Стогов теперь ясно видел, чего хочет враг. Под угрозой разрушения было самое любимое его, Стогова, детище, цель и мечта всей его жизни.

Никто лучше Михаила Павловича не знал исполинской мощи горящей в солнцелитовом реакторе плазмы из дейтерия и трития. Эта фантастическая мощь, зажатая в тесные рамки реактора, строго контролируемая и направляемая людьми, могла стать и уже становилась источником величайшего блага для всего человечества. Она несла людям огромное количество тепла и света, она сулила изобилие и радость миллионам. Свое Земное, зажженное человеческими руками Солнце, зажженное там, где оно было нужнее всего: в царстве льдов и снегов — великая сила, преображающая лик Земли!.. Что могло быть выше, прекраснее этой цели?!

Но Стогов, как никто другой, знал и поистине страшную силу своего детища. Эта же энергия, освобожденная в мгновенном взрыве, разметавшая корпус реактора… Это выпущенный из бутылки злой джин, неумолимый в слепом разрушении. Реактор термоядерной электростанции — это многие тысячи собранных воедино водородных бомб.

Стогов мысленно как бы увидел шумные, обсаженные молодыми деревцами улицы Крутогорска и Обручевска.

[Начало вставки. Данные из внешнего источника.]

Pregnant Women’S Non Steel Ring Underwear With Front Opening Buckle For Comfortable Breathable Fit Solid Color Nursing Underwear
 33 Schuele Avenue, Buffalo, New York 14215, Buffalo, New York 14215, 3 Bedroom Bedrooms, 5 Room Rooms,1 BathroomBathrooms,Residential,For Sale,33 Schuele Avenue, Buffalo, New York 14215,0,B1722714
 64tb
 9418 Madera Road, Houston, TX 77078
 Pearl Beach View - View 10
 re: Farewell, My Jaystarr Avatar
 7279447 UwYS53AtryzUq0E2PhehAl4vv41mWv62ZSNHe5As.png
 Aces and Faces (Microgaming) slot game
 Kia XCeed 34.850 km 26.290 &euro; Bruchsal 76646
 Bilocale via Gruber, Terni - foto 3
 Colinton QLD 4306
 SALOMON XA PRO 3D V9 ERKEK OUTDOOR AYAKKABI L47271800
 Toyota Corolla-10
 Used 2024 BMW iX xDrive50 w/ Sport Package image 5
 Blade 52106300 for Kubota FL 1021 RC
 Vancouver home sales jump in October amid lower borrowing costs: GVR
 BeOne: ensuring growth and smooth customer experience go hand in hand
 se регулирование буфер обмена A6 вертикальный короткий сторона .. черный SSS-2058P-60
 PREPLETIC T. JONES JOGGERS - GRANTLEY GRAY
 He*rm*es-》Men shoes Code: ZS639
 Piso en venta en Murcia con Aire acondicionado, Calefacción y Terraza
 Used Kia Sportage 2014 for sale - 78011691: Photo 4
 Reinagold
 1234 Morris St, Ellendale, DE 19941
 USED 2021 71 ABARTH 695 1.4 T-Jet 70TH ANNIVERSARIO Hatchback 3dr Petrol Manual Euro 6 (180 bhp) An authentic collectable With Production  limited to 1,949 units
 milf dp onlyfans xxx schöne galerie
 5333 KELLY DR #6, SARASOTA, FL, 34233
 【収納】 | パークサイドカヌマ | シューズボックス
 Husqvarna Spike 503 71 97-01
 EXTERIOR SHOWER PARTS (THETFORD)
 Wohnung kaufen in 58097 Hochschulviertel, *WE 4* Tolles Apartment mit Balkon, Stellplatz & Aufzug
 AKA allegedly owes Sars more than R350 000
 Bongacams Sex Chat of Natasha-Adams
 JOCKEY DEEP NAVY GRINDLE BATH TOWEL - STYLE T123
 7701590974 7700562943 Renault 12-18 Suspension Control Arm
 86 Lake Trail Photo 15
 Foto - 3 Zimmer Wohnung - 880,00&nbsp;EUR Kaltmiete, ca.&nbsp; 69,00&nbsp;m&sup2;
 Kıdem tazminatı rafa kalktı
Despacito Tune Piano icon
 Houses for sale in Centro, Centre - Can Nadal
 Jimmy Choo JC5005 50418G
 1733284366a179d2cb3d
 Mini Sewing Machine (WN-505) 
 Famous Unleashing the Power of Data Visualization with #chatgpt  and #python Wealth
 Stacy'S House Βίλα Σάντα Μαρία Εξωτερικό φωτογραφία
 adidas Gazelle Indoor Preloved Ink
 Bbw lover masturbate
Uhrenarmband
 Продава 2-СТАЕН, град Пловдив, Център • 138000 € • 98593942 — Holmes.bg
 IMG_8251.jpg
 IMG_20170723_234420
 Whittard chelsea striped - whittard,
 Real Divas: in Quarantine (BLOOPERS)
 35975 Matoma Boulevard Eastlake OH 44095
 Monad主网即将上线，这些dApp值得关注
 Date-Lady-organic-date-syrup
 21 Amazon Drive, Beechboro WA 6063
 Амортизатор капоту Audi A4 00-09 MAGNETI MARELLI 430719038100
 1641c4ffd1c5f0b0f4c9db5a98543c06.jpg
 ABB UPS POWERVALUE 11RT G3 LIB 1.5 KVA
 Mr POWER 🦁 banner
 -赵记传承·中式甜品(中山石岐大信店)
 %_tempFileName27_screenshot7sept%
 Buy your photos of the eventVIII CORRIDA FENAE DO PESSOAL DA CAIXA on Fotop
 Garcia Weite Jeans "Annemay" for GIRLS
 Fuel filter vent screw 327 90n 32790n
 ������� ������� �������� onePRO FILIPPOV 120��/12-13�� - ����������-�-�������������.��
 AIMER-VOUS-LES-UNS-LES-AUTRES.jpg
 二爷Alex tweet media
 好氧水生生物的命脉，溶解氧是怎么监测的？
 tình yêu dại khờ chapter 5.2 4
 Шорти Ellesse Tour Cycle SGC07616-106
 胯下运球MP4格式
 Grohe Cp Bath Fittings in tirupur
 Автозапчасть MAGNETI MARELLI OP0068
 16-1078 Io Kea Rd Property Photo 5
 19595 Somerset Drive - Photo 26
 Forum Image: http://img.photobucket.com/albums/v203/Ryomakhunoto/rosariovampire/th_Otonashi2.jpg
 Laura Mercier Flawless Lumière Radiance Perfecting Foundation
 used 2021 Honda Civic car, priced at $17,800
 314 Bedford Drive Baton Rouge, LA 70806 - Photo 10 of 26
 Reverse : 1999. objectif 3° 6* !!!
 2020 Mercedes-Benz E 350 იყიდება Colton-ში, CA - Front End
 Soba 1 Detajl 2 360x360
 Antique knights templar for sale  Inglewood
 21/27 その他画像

И вдруг вспомнился совсем случайный давно забытый эпизод.

Профессор спускался по широким ступеням институтского крыльца, направляясь к машине. Вдруг путь ему преградило крохотное звонкоголосое существо — мальчик лет шести с выбившимися из-под панамы выгоревшими на солнце волосенками, раскрасневшимся лицом, очень озабоченными, плутовскими темными глазами и облупившимся, не совсем сухим носом. Вся его одежда состояла из трусиков и сандалий, так что были видны и свежесбитые коленки и остренькие уже покрытые загаром ключицы.

Он встал на пути Стогова и, очень серьезно глядя на него снизу вверх, озабоченно спросил:

— Дядя, а вы не знаете случайно, сколько сейчас времени? — Сдерживая улыбку. Стогов взглянул на часы и очень серьезно, в тон вопросу ответил:

— Случайно знаю. Без пятнадцати четыре.

Мальчик хотел было повернуться, чтобы убежать по своему, видимо, очень срочному делу, но его внимание привлек небольшой, сверкавший безукоризненной шлифовкой цилиндрик из солнцелита в руках Михаила Павловича. Мальчик, как завороженный, глядел на его зеркальную поверхность, казалось, вобравшую в себя все сияние солнца.